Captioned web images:
Content starts
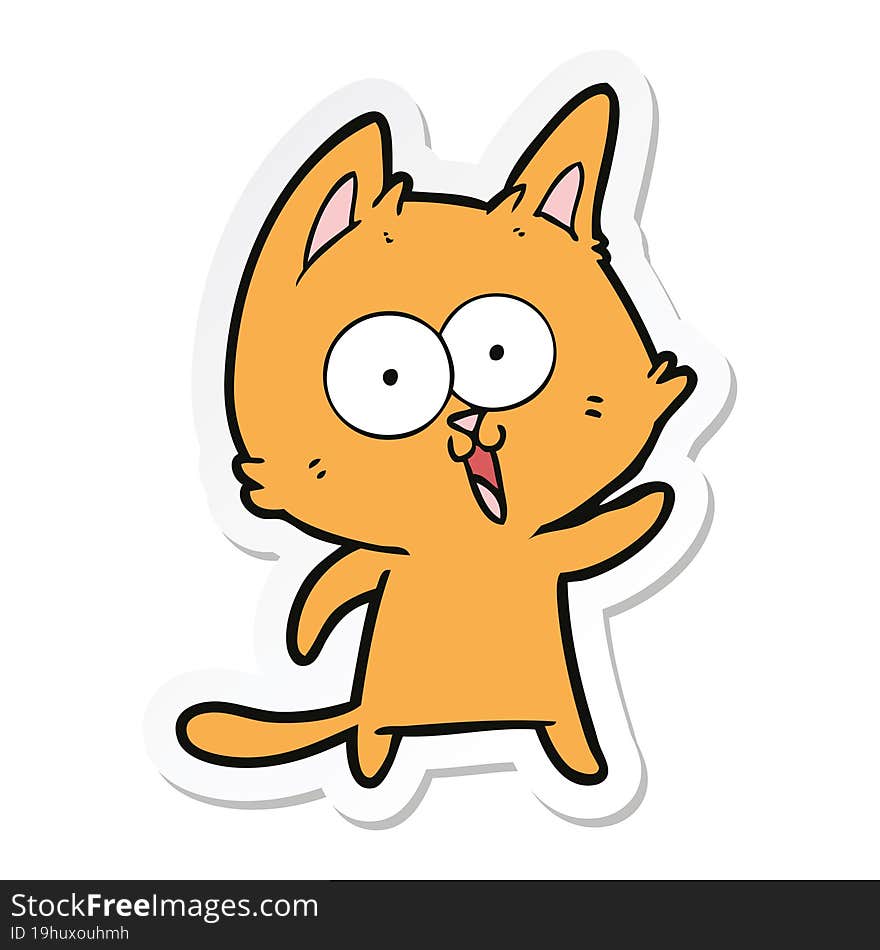 sticker of a funny cartoon cat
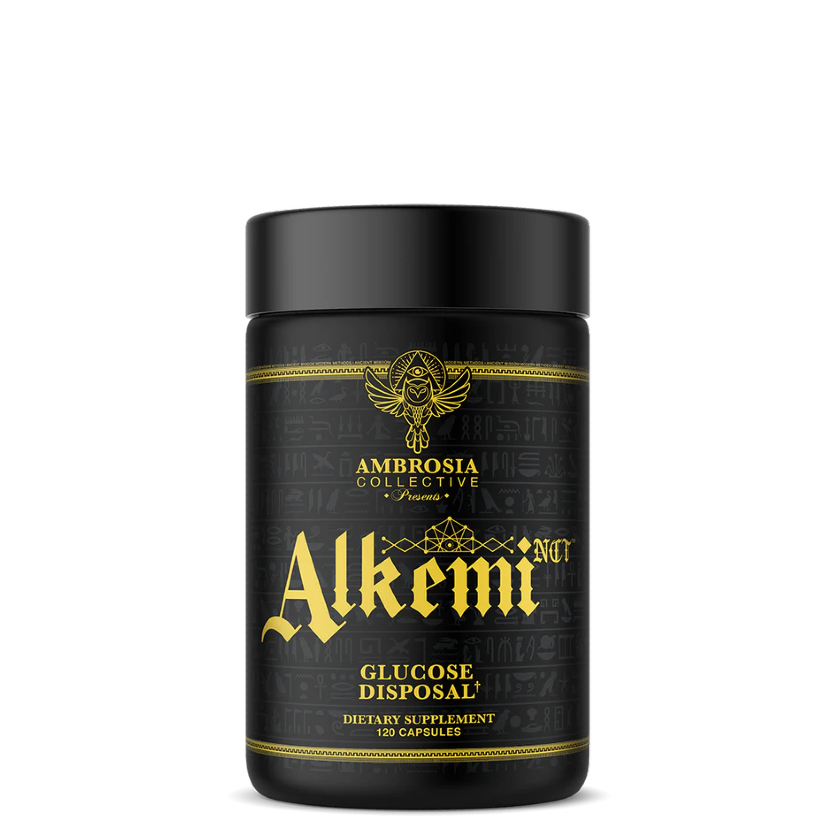 A black container of Alkemi Glucose Disposal, a dietary supplement, with gold and yellow text and logo.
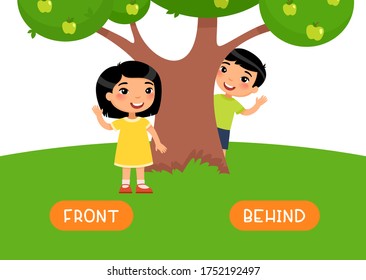 FRONT and BEHIND antonyms word card vector template. Flashcard for english language learning. Opposites concept. Cute asian boy is hiding behind a tree, a little girl is standing in front of a tree.Il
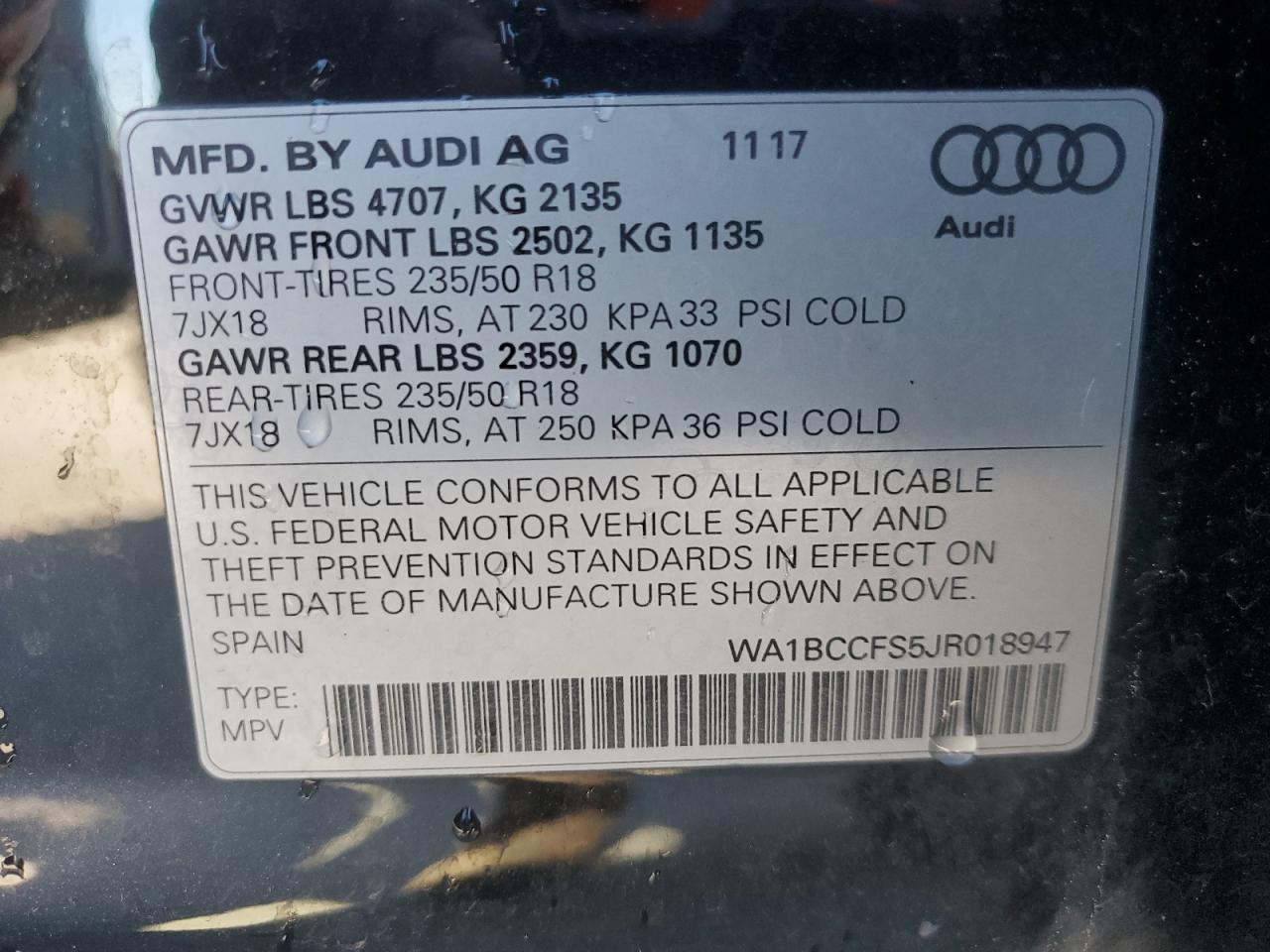 VIN WA1BCCFS5JR018947 2018 AUDI Q3 no.13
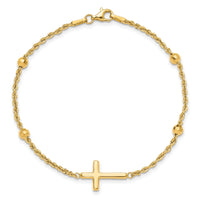 14k D/C Beaded Cross 7.5in Bracelet-FB1989-7.5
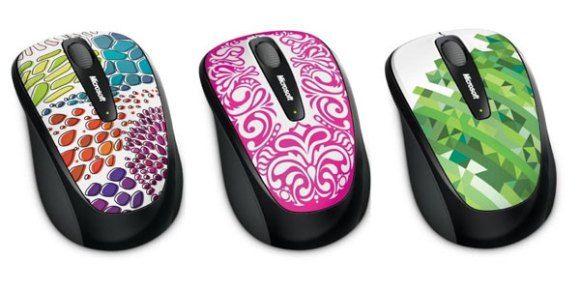 Novos mouses wireless super coloridos da Microsoft.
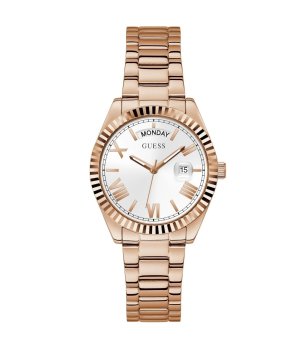 Мъжки розово-златист аналогов часовник с римски цифри Guess снимка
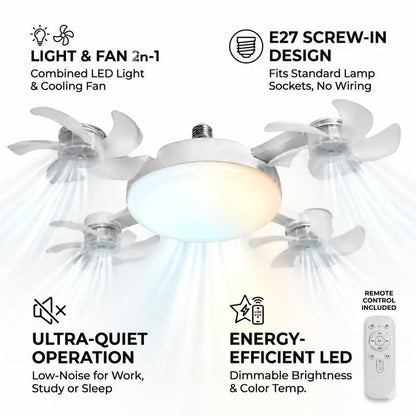 FLOXOL SnapCool Pro — Socket Ceiling Fan with Remote Control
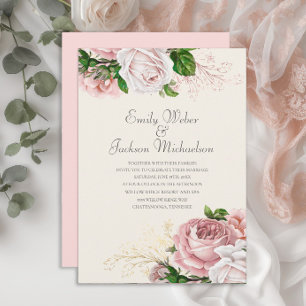 Elegant Botanical Roses Pink Floral Cream Wedding Invitation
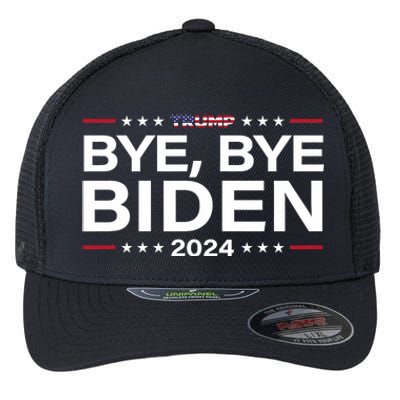 Trump 2024 Bye Bye Biden Dropped Out Election Funny Flexfit Unipanel Trucker Cap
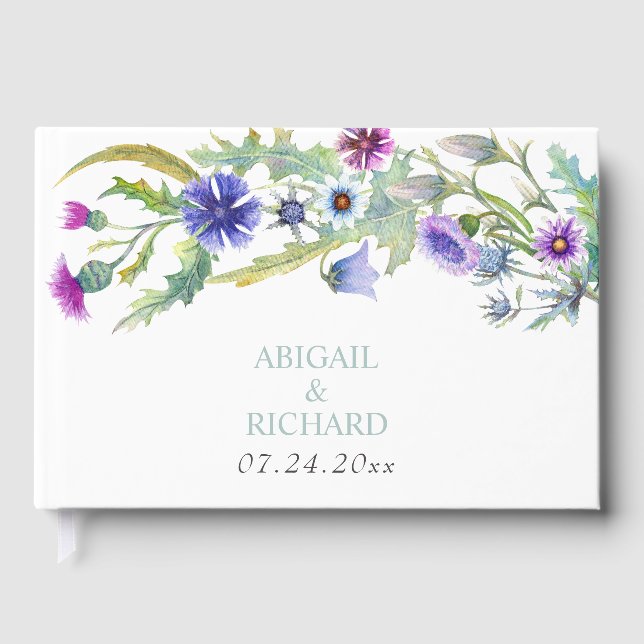 Watercolor wildflowers garland spring wedding guest book (Front)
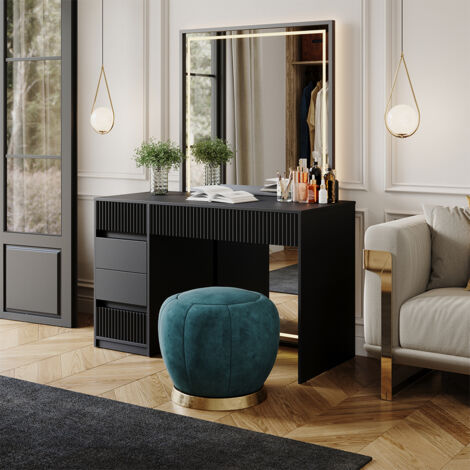Coiffeuse Omira, Noir, 120 cm sans miroir, Vicco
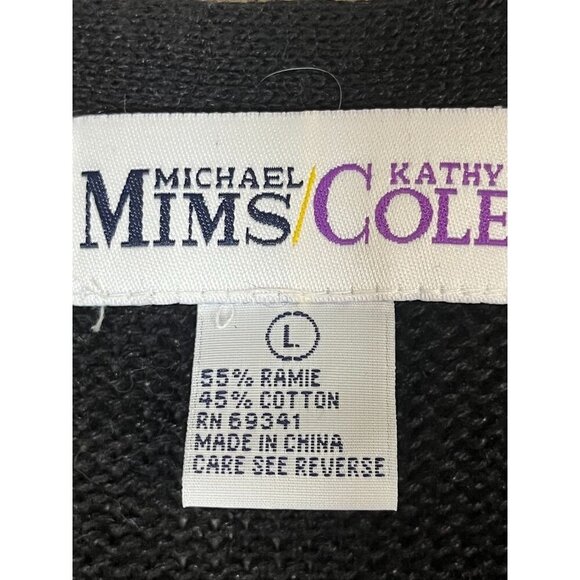 Retro Floral Sweater Vest L Black Beaded Sequin Classic Chic Preppy Old Money - Picture 2 of 12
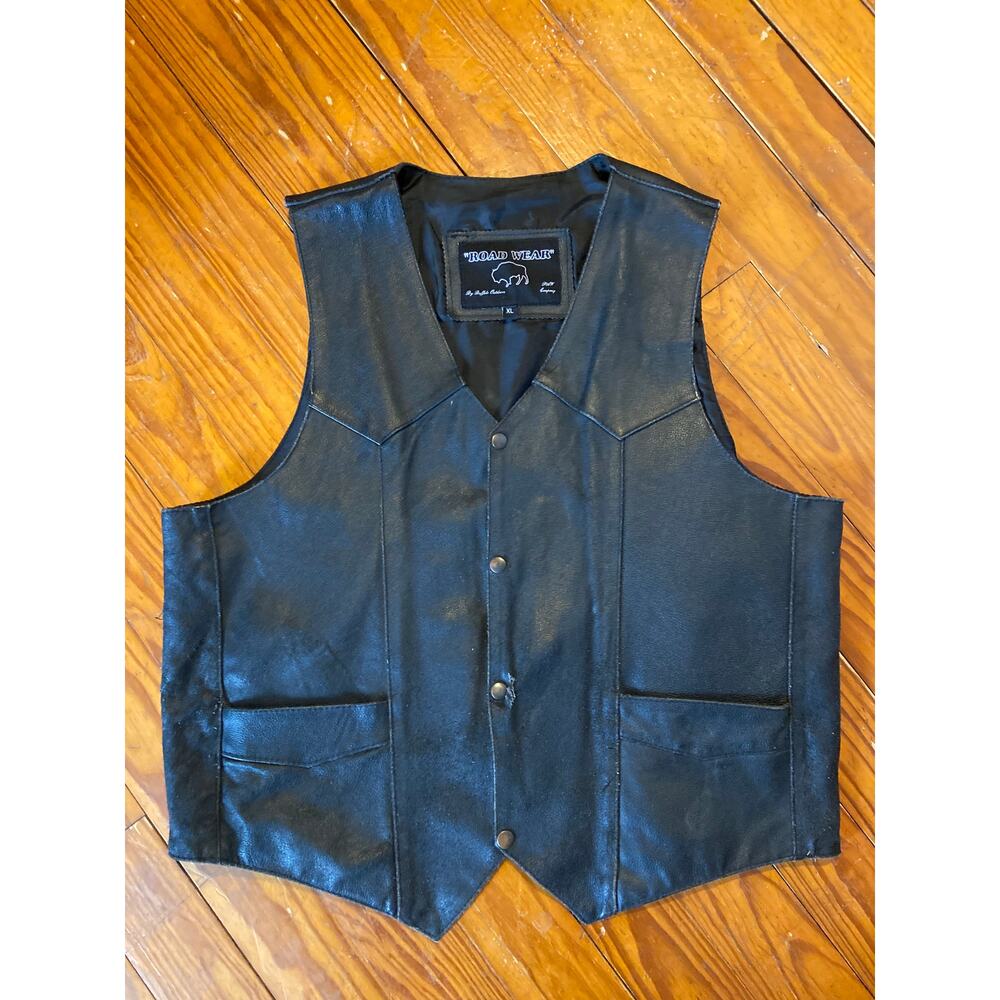 Vintage Road Wear Buffalo Leather Biker Vest - Black - Men's XL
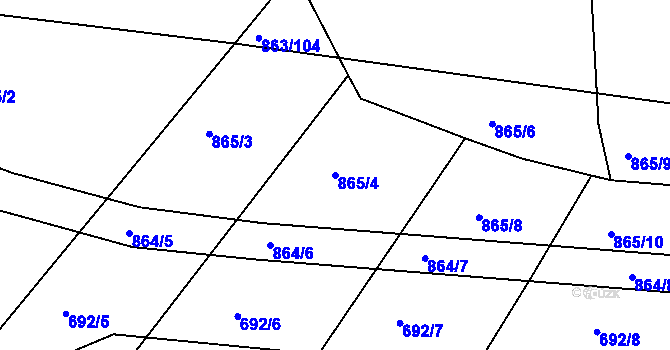 Parcela st. 865/4 v KÚ Polnička, Katastrální mapa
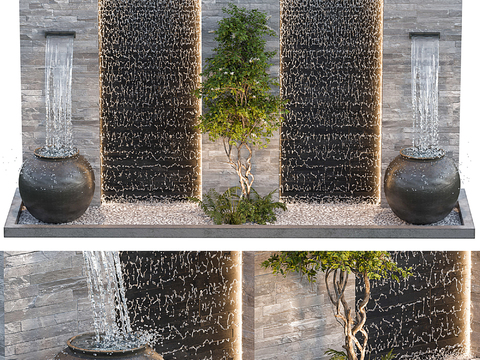  现代水景幕墙喷泉小品3d模型 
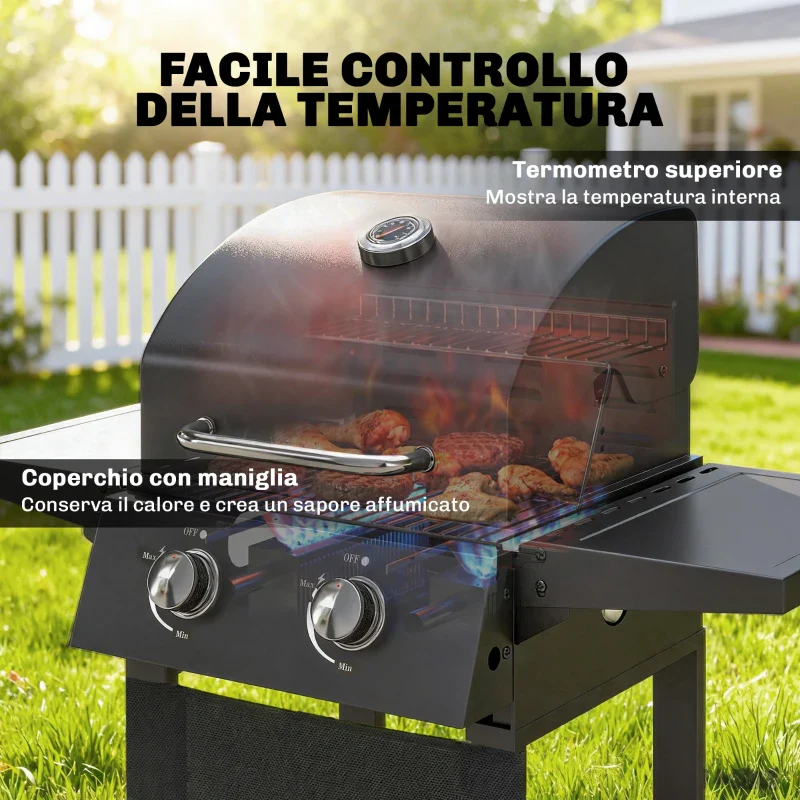 Outsunny Barbecue a Gas Propano con 2 Bruciatori, Portatile, Termometro, Nero - Image 5
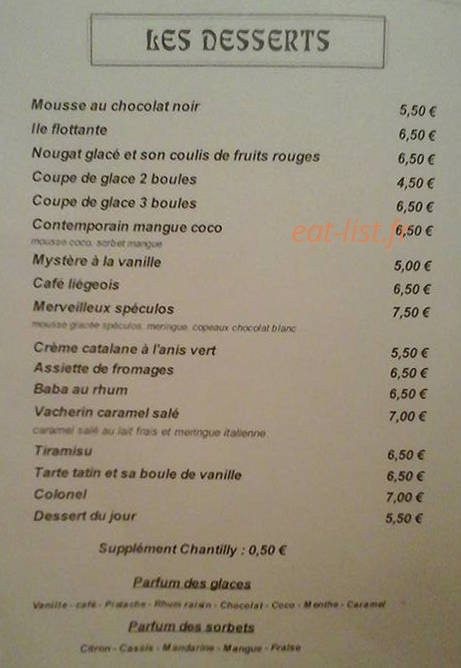 La Table — carte page 3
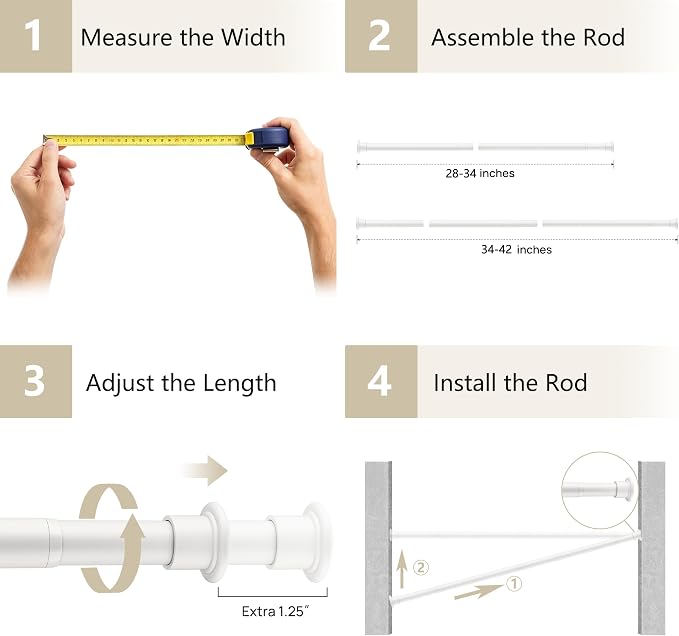 Tension Curtain Rod by EZFurni, 28 to 42 Inch, Adjustable Curtain Rods No Drilling, Heavy Duty Tension Rod, Anti-Slip Spring Loaded Curtain Rods for Window, Closet, Door, White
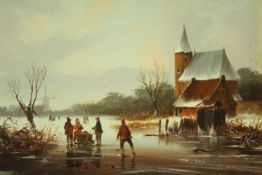 A carved gilt framed 19th century oil on board of a river skating scene. Signed J. Stark. H.24 W.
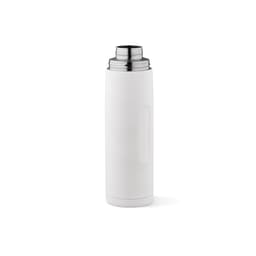 A drink bottle in white with a stainless steel top, featuring a carabiner and two cups. It has a logo.
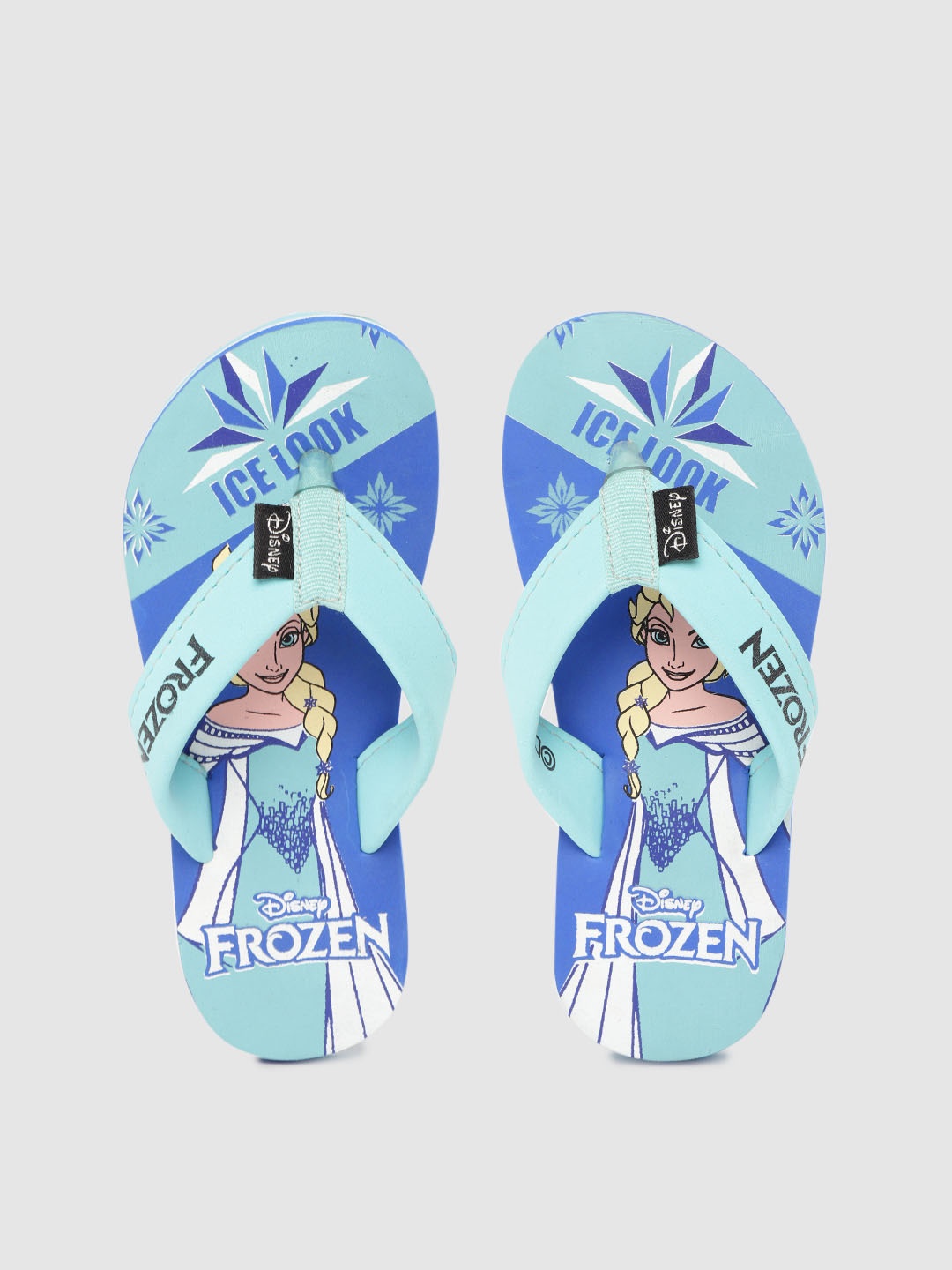 

toothless Girls Blue & White Disney Frozen Elsa Print Thong Flip-Flops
Content ends
▶ _Your assignment_:
Copy exactly the lines from the line containing "Мъжки розово-златист аналогов" through the last line of the records, both included, and omit every picture.

▶ _Reply_:
 Мъжки розово-златист аналогов часовник с римски цифри Guess снимка
 FLOXOL SnapCool Pro — Socket Ceiling Fan with Remote Control
 Elegant Botanical Roses Pink Floral Cream Wedding Invitation
 Trump 2024 Bye Bye Biden Dropped Out Election Funny Flexfit Unipanel Trucker Cap
 Watercolor wildflowers garland spring wedding guest book (Front)
Coiffeuse Omira, Noir, 120 cm sans miroir, Vicco
 Retro Floral Sweater Vest L Black Beaded Sequin Classic Chic Preppy Old Money - Picture 2 of 12
 Vintage Road Wear Buffalo Leather Biker Vest - Black - Men's XL
 Parcela st. 865/4 v KÚ Polnička, Katastrální mapa
  现代水景幕墙喷泉小品3d模型 
 Outsunny Barbecue a Gas Propano con 2 Bruciatori, Portatile, Termometro, Nero - Image 5
 La Table — carte page 3
 Tension Curtain Rod by EZFurni, 28 to 42 Inch, Adjustable Curtain Rods No Drilling, Heavy Duty Tension Rod, Anti-Slip Spring Loaded Curtain Rods for Window, Closet, Door, White
 A carved gilt framed 19th century oil on board of a river skating scene. Signed J. Stark. H.24 W.
 A drink bottle in white with a stainless steel top, featuring a carabiner and two cups. It has a logo.

toothless Girls Blue & White Disney Frozen Elsa Print Thong Flip-Flops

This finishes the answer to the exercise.